Teacher time on tests
In the context of a 175-day school year, teachers spend between 5 percent and 26 percent of their time “preparing for or administering assessments.” The variation is accounted for partly by different loads for teachers depending on the grades and subjects they teach.
Costs of testing
The study found direct per-student costs for testing varying between $5 and $50 for state tests and $15-$58 for district tests.
“These figures would be much higher if opportunity costs due to diverted staff time were included. The costs range dramatically between districts and represent different resource starting points and capacity capabilities. Though there is not a perfect correlation the smaller districts tended to have higher costs than the larger districts.”
Costs & benefits
“Ratings of assessment impacts were remarkably similar across district, school, and teacher respondents. Teacher respondents tended to rate the impact of assessments as slightly higher than district and school respondents, but differences were not large. Impact ratings did, however, vary significantly by assessment, with all respondents indicating high level of impact from the CMAS and TCAP/PARCC assessments across all impact areas. Conversely, respondents indicated lower impacts from the ACT.”
What should be done
“A minority of respondents at all levels suggested keeping assessments as they were, with the exception of the ACT. Across all assessments, respondents at all levels favored reducing the length of assessments. There were not major differences in suggested changes from respondents at the district, school, and teacher level.”
The study found about 60 percent of district administrators want to reduce language arts and math tests to the federal minimum of testing 3rd-8th graders and once in high school. Only about a third of building administrators supported that.
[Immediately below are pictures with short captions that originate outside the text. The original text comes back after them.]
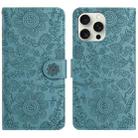 For iPhone 15 Pro Max Floral Embossed Pattern Leather Phone Case(Dark Green) - 1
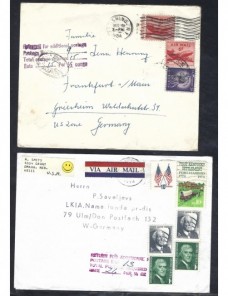 Dos cartas correo aéreo Estados Unidos marca devolución y tasas EEUU - Desde 1950.
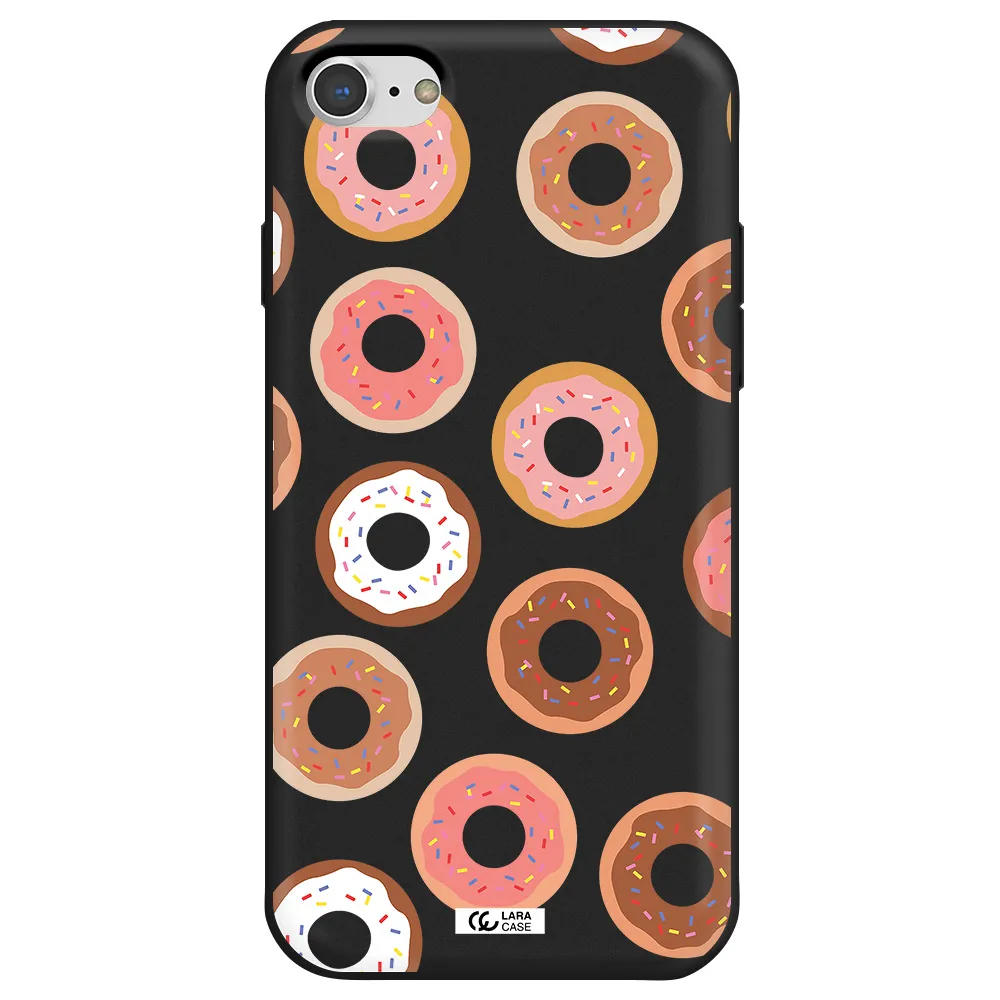 a pattern of donuts with sprinkles Apple iPhone 8 Silicone black Case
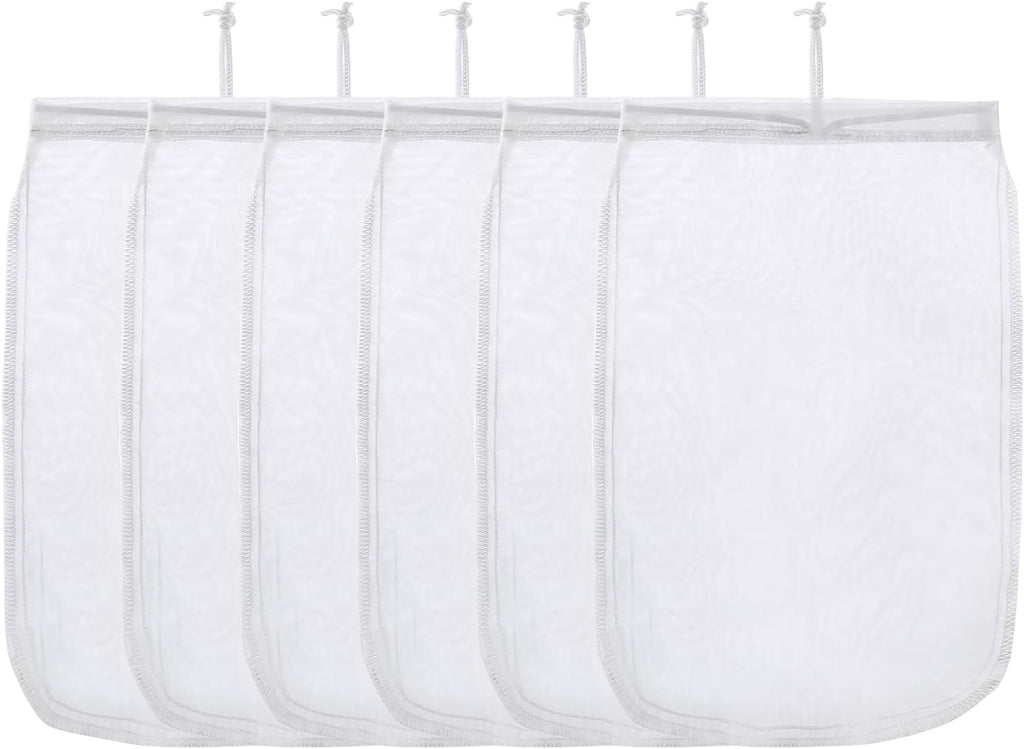 ALEGI Aquarium Filter Media Bag Extra Fine, Reusable 180 Micron Drawstring Mesh Bags for Activated Carbon (12"*8" (6 Pack))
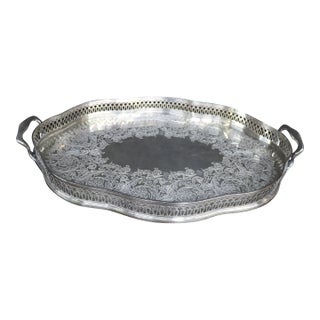 English Silver-Plated Gallery Tray For Sale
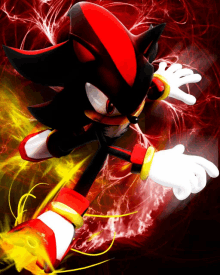 shadow the hedgehog from the video game sonic the hedgehog is on a red background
There was majority support across all three groups for reducing the length of tests.
What happens next
The study is expected to be a key piece of evidence in the task force’s deliberations as it works to prepare its report – or possibly reports – during its final two scheduled meetings on Dec. 16 and Jan. 12.
The group also has gathered a wide variety of information, including comments at several public meetings around the state. (See this page for links to summaries of those meetings.)
An outside advocacy group, the Denver Alliance for Public Education, also is seeking additional parent comment through an online survey, which it intends to present to the task force.
Some members of the task force have indicated support for trimming the testing system back to federal minimums. But there is a wide variety of views represented on the group, and members representing education reform groups are nervous about tinkering too much with the current system. (See the list of members at the bottom of this page.)
While the task force is still deliberating, members of the legislature already are at work on the issue.
“The legislators are drafting their own bills. We’re going to see bills that are across the spectrum,” said one lobbyist. “The legislature is going to have to pick and choose.”
How study was done
APA gathered information through document review, an online survey of district administrators, school administrators and teachers, follow-up interviews with five districts (Aurora, Center, Eagle, Kit Carson and Poudre) on costs and from CDE information. Here’s the breakdown of responses:
- District-level administrators – Reponses represent 64 districts, or 36 percent
- School-level administrators – Responses represent 12 percent of schools
- Teachers – Responses represent 4 percent of statewide workforce
The study concluded that the responses were representative of statewide opinion.